**Problem description**
Whenever a line in the data below includes the string "screenshot", copy it out.

**Source data**
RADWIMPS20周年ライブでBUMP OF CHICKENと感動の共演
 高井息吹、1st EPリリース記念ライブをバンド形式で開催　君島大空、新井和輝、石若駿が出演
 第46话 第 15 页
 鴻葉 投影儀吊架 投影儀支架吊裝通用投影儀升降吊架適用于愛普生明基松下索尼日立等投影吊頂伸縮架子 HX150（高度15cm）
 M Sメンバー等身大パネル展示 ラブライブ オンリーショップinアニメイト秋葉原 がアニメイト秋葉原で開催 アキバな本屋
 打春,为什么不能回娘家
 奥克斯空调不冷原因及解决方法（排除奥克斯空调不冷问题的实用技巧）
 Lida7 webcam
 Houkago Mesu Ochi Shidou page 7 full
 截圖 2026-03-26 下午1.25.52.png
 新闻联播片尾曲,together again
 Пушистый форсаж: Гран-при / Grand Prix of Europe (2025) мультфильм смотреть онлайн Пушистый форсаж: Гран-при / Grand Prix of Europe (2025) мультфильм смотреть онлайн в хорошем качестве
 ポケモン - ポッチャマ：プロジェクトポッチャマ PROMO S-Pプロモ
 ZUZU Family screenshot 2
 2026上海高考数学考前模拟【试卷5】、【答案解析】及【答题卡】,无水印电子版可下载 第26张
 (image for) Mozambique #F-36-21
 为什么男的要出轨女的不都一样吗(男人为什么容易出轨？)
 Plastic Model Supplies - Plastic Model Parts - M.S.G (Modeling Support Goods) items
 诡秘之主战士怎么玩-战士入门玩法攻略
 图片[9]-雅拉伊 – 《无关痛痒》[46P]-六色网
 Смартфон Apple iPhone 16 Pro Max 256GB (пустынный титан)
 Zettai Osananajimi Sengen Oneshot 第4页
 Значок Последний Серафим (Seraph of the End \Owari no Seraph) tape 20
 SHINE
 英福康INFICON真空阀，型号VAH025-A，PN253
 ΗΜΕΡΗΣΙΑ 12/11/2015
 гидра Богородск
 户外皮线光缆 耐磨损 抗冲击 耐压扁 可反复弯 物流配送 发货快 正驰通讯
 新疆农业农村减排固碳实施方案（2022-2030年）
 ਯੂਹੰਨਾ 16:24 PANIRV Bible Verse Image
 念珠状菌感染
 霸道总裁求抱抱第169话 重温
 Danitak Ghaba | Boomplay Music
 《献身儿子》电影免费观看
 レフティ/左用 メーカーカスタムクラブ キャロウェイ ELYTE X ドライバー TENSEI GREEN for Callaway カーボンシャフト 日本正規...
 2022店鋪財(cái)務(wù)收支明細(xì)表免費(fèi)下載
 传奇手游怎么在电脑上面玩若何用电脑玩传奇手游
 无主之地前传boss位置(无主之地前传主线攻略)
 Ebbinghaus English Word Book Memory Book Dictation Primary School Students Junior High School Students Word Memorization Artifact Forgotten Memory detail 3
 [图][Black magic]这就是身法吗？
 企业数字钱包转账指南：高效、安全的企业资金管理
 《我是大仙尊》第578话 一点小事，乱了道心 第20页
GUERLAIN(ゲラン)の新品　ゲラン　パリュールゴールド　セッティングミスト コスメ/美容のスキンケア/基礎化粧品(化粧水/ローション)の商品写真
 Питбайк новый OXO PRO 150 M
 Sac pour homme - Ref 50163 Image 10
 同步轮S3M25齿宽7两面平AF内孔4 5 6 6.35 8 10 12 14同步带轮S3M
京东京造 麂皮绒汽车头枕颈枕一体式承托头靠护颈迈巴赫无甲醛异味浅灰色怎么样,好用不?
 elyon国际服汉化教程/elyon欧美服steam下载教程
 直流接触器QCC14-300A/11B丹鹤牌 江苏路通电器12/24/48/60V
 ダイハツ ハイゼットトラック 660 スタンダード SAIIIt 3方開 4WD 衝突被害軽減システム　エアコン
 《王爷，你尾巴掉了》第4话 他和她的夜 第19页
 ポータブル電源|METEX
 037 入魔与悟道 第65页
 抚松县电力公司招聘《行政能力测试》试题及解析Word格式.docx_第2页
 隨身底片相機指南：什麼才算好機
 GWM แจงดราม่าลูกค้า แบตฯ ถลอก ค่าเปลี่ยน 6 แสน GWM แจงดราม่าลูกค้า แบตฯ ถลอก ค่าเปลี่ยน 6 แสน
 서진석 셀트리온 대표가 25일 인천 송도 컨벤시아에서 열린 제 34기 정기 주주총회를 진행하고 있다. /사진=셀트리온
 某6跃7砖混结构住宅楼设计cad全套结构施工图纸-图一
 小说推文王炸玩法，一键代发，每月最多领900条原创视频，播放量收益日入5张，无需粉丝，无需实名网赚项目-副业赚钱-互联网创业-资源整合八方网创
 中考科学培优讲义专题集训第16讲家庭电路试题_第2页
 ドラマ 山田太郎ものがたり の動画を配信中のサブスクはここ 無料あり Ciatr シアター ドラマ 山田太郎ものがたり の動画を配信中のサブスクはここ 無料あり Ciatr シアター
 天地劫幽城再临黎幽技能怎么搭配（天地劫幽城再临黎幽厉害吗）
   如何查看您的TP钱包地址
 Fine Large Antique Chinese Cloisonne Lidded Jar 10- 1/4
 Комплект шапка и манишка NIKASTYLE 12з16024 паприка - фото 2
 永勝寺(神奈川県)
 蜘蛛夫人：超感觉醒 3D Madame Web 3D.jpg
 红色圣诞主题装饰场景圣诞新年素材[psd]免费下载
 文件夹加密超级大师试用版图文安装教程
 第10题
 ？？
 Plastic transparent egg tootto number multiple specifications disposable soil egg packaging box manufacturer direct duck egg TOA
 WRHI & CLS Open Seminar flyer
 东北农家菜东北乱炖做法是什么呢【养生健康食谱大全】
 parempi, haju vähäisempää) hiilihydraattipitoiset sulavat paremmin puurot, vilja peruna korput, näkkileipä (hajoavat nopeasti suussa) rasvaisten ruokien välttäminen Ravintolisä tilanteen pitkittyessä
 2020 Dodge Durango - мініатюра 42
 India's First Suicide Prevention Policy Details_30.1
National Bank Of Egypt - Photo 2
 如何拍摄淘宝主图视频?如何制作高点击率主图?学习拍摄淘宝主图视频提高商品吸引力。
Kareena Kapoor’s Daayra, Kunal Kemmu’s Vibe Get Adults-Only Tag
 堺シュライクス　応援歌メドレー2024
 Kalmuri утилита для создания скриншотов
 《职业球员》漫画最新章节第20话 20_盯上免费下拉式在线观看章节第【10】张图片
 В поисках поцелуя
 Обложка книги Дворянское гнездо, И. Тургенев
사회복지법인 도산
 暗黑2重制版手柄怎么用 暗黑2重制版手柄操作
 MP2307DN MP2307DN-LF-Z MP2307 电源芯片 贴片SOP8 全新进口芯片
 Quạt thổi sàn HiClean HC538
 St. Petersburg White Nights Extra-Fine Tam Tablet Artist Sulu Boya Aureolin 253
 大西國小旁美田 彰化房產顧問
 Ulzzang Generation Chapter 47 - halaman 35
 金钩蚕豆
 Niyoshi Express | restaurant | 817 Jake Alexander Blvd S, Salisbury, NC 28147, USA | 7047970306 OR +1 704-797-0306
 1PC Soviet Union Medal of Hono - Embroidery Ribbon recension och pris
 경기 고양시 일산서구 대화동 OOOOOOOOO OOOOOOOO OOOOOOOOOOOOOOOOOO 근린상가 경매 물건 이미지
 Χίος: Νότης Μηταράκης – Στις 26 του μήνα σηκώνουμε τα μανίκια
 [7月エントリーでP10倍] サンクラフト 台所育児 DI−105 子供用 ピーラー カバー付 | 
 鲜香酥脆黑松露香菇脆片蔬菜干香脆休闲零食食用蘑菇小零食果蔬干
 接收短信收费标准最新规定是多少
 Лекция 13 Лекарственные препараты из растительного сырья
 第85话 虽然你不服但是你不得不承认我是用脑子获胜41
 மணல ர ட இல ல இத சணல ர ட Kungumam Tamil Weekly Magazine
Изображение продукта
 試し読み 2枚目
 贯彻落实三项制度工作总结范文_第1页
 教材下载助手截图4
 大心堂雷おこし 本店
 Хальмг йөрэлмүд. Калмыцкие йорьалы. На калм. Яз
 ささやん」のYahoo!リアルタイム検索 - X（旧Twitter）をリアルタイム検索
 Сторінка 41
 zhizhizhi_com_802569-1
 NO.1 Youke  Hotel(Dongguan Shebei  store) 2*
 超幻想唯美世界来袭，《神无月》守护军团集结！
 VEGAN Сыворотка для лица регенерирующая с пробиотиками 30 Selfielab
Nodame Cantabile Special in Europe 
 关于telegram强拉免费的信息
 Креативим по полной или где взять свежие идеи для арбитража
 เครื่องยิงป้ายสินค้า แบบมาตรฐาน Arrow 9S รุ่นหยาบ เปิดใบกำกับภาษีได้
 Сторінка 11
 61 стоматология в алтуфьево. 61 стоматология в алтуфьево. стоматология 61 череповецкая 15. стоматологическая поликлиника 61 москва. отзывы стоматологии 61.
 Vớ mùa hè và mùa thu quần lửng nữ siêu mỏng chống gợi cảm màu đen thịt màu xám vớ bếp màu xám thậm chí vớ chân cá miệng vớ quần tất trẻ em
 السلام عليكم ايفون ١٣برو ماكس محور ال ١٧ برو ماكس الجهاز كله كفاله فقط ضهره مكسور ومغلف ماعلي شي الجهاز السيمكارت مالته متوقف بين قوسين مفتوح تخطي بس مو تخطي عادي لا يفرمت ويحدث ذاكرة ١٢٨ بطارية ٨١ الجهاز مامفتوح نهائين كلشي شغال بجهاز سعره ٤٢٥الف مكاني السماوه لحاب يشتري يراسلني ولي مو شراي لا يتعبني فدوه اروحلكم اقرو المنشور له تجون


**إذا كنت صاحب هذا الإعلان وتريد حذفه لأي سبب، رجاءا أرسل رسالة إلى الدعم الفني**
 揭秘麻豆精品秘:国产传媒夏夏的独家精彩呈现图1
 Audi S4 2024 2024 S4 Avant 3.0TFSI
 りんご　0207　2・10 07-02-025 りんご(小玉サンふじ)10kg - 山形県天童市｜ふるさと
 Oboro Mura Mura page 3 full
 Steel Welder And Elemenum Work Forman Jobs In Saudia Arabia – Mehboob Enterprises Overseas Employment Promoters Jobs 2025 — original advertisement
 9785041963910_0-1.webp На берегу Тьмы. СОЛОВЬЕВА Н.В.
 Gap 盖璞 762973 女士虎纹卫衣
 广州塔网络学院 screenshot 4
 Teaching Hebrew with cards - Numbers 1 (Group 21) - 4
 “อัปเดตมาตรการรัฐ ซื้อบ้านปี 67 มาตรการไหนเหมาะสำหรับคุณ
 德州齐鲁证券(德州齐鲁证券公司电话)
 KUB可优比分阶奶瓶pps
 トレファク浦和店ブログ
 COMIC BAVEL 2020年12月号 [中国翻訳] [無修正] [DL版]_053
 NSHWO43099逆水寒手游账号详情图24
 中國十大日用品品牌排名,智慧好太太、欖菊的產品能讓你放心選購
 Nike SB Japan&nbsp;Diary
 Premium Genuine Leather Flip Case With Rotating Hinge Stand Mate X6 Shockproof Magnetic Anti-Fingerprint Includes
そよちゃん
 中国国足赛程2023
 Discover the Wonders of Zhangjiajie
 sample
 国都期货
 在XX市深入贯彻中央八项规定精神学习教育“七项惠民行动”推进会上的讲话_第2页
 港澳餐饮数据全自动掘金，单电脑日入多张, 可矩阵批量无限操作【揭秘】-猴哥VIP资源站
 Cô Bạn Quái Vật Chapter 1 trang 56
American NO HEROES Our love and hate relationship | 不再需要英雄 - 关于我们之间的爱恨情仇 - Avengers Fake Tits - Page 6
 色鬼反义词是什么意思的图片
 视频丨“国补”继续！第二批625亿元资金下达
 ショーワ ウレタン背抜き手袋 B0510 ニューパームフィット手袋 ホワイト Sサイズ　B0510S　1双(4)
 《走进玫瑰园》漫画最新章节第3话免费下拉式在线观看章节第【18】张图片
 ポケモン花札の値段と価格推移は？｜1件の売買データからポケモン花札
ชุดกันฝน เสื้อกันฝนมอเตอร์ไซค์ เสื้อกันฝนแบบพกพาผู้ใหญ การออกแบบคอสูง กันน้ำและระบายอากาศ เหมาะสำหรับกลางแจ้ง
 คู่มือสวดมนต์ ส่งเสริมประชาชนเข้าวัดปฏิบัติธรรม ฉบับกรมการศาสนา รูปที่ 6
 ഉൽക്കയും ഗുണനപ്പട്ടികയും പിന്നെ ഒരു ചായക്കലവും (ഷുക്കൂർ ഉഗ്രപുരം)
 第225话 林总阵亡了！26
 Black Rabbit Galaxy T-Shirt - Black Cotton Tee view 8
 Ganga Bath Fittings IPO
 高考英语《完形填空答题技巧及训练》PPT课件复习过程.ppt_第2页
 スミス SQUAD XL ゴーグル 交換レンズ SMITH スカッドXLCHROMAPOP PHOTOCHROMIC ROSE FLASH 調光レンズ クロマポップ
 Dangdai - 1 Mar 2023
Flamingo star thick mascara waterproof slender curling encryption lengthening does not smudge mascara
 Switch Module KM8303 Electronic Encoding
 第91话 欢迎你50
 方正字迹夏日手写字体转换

**Result of the task**
 ZUZU Family screenshot 2
 广州塔网络学院 screenshot 4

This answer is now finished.